-- Opening Marker --
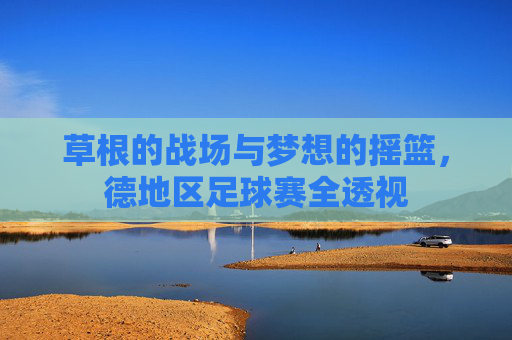 草根的战场与梦想的摇篮，德地区足球赛全透视
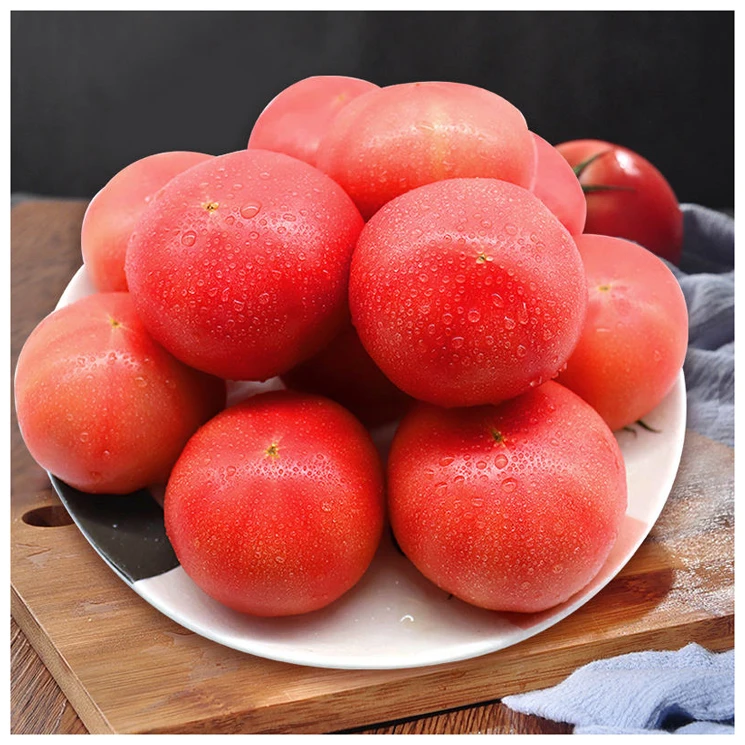 Fresh Tomato with Natural red / Best quality for wholesale / Quick response and cheap price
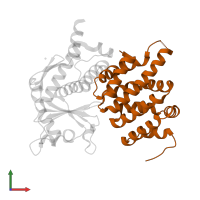 Importin subunit alpha-6 in PDB entry 4u2x, assembly 1, front view.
-- Closing Marker --
* Your task *
Please give the material above again in full, with no pictures in your version.

* Task response *
 草根的战场与梦想的摇篮，德地区足球赛全透视
 Fresh Tomato with Natural red / Best quality for wholesale / Quick response and cheap price
 Importin subunit alpha-6 in PDB entry 4u2x, assembly 1, front view.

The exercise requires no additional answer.